-- Exercise data follows --

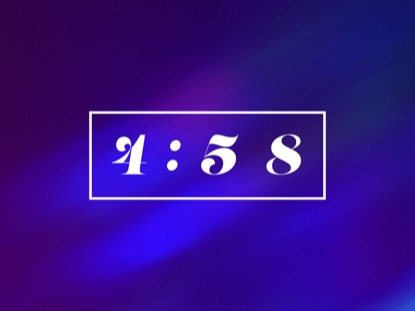 FADED LIGHTS COUNTDOWN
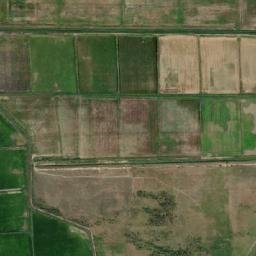 Babayurtovskiy Rayon map(satellite map)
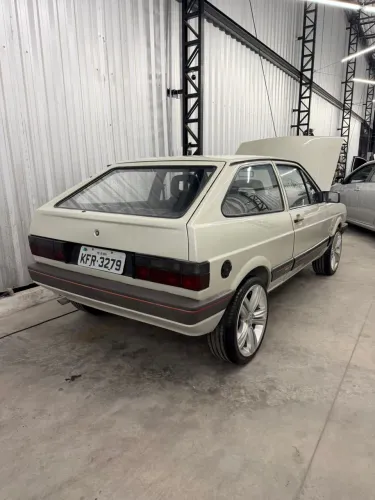 Volkswagen Gol Geração I GTS 1.8s 2P 1992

-- Exercise data concluded --

* Try it *
The answer should hold every line of the listing, copied exactly, with no pictures.

* Exercise answer *
 FADED LIGHTS COUNTDOWN
 Babayurtovskiy Rayon map(satellite map)
 Volkswagen Gol Geração I GTS 1.8s 2P 1992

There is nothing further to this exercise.